/---
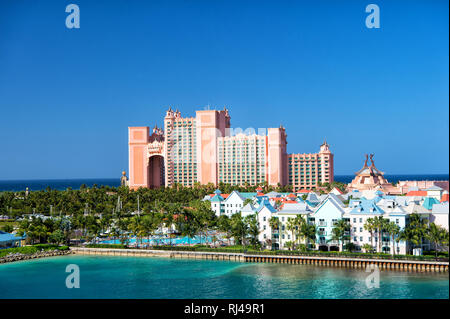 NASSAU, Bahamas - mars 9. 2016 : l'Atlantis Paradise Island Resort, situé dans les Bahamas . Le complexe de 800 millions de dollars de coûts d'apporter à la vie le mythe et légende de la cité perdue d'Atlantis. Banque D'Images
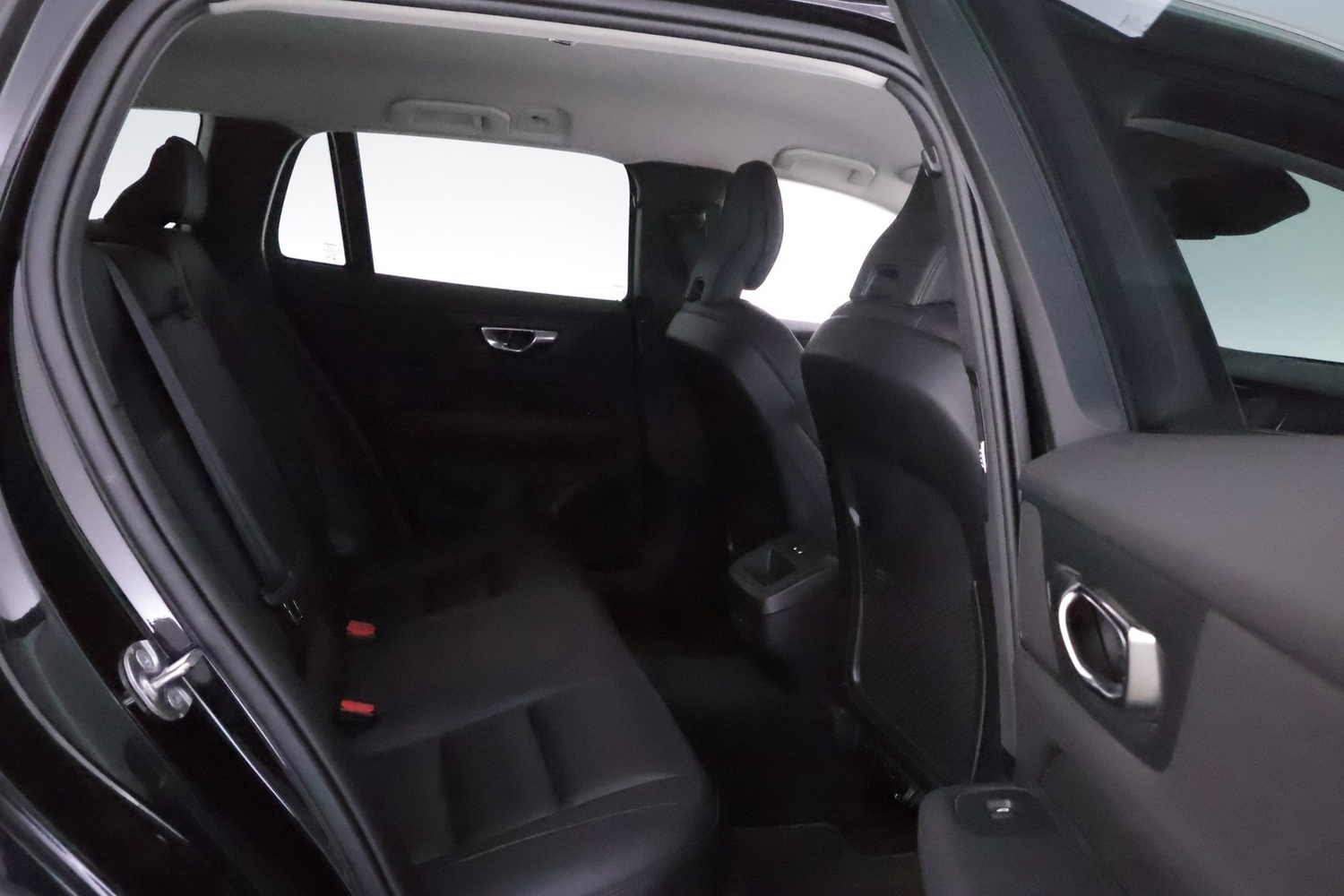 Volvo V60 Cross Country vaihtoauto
\---
/---
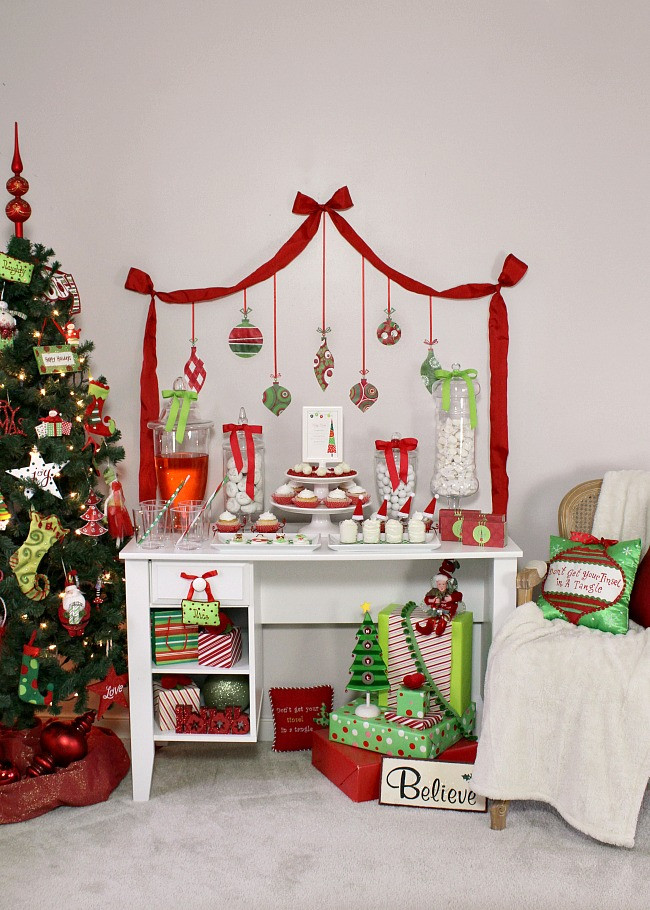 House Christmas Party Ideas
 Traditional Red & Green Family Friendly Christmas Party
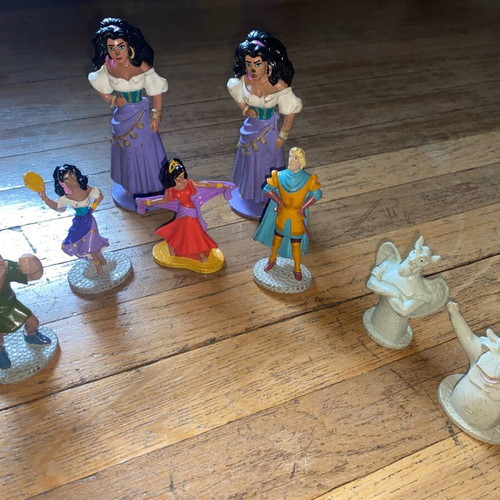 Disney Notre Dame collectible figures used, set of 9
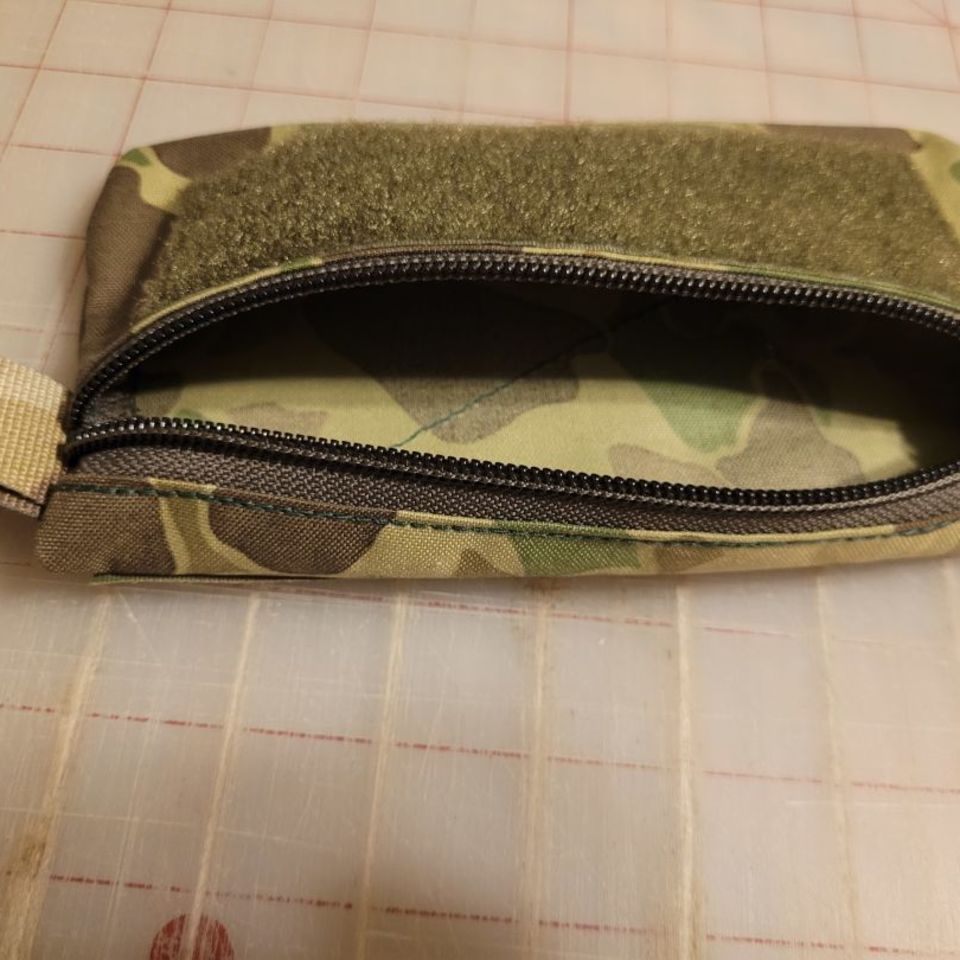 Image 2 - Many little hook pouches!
\---
» **TO DO**
From the line containing "Disney Notre Dame" through the line containing "Image 2 - Many little hook pouches!", copy every line above exactly, without pictures.

» **WRITTEN RESPONSE**
 Disney Notre Dame collectible figures used, set of 9
 Image 2 - Many little hook pouches!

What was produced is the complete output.